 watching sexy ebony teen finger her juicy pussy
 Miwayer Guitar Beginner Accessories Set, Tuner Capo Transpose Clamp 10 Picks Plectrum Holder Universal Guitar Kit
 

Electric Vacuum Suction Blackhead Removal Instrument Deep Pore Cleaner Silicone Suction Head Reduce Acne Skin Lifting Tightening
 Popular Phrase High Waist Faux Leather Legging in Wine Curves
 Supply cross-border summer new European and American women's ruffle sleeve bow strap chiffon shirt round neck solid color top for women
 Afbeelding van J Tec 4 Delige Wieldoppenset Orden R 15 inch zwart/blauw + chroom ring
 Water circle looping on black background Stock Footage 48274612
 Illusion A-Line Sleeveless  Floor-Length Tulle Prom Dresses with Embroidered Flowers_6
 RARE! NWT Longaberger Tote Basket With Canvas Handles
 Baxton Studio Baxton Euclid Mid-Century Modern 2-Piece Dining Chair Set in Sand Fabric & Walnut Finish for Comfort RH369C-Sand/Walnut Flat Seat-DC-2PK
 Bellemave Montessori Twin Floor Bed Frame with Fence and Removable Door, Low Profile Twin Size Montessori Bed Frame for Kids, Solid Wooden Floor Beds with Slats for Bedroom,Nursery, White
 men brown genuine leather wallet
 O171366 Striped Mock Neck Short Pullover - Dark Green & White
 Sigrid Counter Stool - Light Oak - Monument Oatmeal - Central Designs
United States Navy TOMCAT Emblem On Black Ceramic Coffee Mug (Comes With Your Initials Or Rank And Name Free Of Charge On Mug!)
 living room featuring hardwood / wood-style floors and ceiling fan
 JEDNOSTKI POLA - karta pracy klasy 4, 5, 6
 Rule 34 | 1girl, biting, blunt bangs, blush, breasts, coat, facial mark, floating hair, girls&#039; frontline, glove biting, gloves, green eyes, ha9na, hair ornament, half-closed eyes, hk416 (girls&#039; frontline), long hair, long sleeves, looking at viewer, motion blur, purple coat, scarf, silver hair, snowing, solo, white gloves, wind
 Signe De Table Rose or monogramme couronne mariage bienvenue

** Exercise details **
Please give an exact copy of the entries above, from the line with "Sigrid Counter Stool" down to the line with "United States Navy", inclusive, and nothing else.

** Task result **
 Sigrid Counter Stool - Light Oak - Monument Oatmeal - Central Designs
United States Navy TOMCAT Emblem On Black Ceramic Coffee Mug (Comes With Your Initials Or Rank And Name Free Of Charge On Mug!)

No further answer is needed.